I’m currently reading Thinking, Fast and Slow by Daniel Kahneman—a great book on how we make decisions, and how we can learn to make better ones. Its assertions are shocking, and even insulting, but they’re all the more useful for it. (Look for a full review here soon.)
One of Kahneman’s points is how bad we are at remembering what we thought at a given time—and how we tend, in retrospect, to think we were much more prescient than we actually were. Only by returning to thoughts you wrote down at the time, and comparing them with what really happened, can you identify your mistakes and learn from them.
Thus inspired, I spent some time this weekend in the wayback machine, revisiting my old notes and writings from several years ago—in the aftermath of the financial crisis but before the financial markets had recovered strongly.
Don’t bet against a determined government
How did what I thought at the time stack up with what actually happened? My biggest mistake was to underestimate the willingness of government institutions, including the Federal Reserve, to intervene.

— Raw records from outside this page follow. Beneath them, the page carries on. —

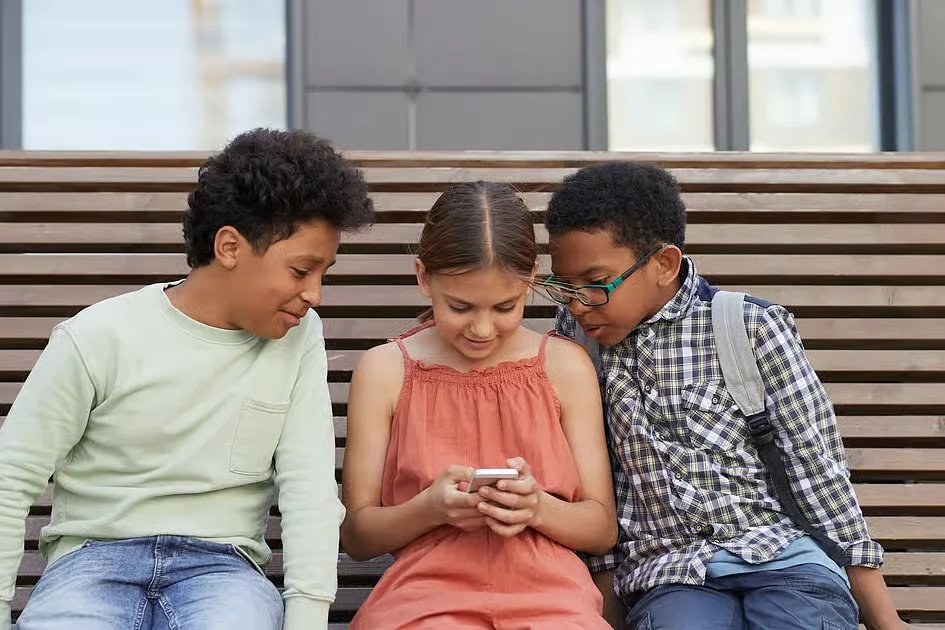 How will social media platforms implement UAE’s new under-15 ban?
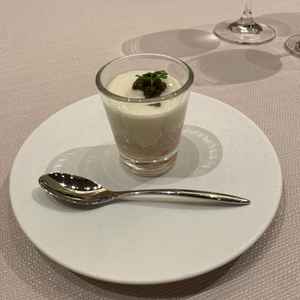 試食の一品目。全コース共通のメニューとのこと。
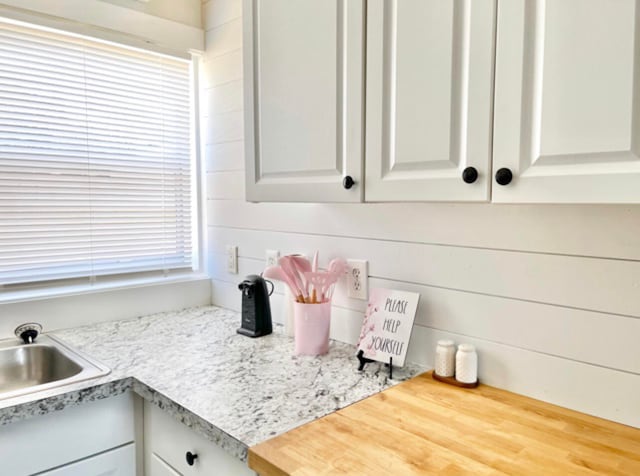 details with sink and wood-type flooring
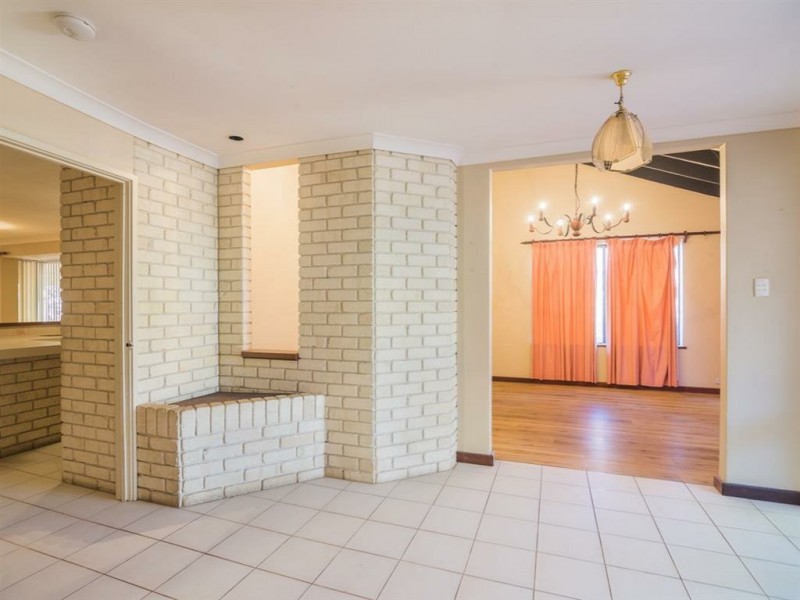 8 Doric Street, Shelley WA 6148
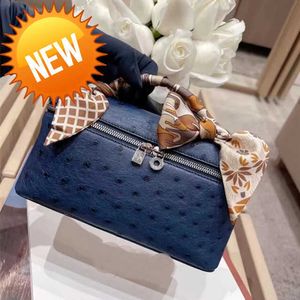 Loro Piano Bag Loro Box Pianaa Makeup Lunch New Bag Women's Women's Bag Tolevas Autruche Backpack à main échoué L19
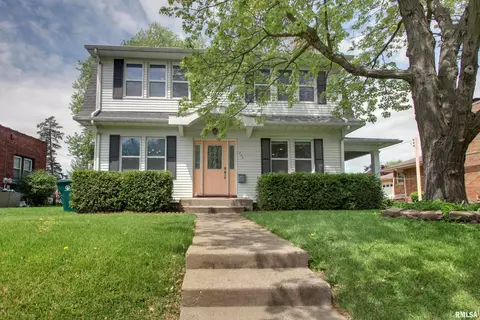 806 S 24th St, Quincy, IL 62301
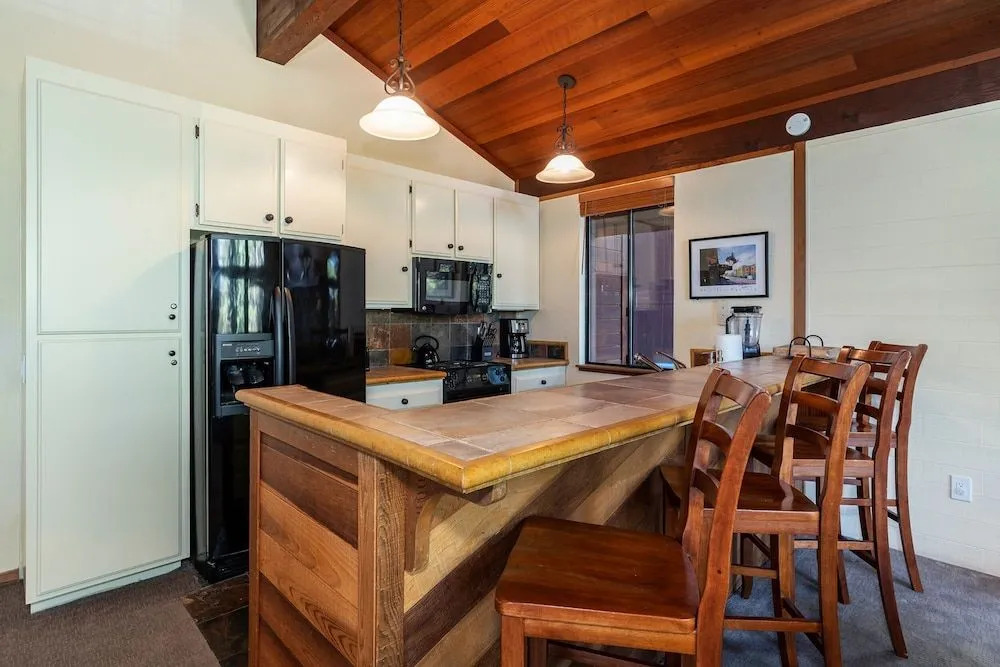 Archie's Bungalow by Tahoe Mountain Properties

Simply put, the government wasn’t going to let the economy collapse; rather, it was going to do anything—repeat, anything—to make sure that didn’t happen, legal or not. To be sure, this wasn't a guarantee of success, but I didn’t give sufficient credence to the government’s determination, and I overestimated its chances of failure.
Back to the present . . .
The same dynamic is now playing out in Japan, where we just saw the central bank raise the ante on its quantitative easing program, and in China, where the government continues to stimulate to keep the economy moving.
Several years ago, I might have said that they can’t keep this up forever (and they can’t). Now, though, I’m much more aware that they may do far more than anyone thinks possible, if necessary. Just because I can’t see what their next steps are doesn’t mean they won’t come up with something. Failure is a bad bet right now.
You might say the same for Europe, but there I have my doubts. Unlike the U.S., Japan, or China, Europe doesn’t have unified institutions and a single political sphere. The European Central Bank is deeply split on the possibility of quantitative easing, and so it does far less than is needed. Germany and France, the two major powers, can’t even agree on the base assumptions for an economic policy.
Essentially, Europe simply cannot do what the U.S. did and Japan and China are doing; it’s politically impossible, both at the national level and, more important, at the level of actual voters.
And in another five years?
Looking back at my notes from today five years in the future, I suspect that China and Japan will have weathered the storm—though no doubt with quite a bit of collateral damage. I’m less hopeful about the eurozone. Although concentrated action could probably preserve it, the unity of purpose necessary to catalyze such measures simply isn't there.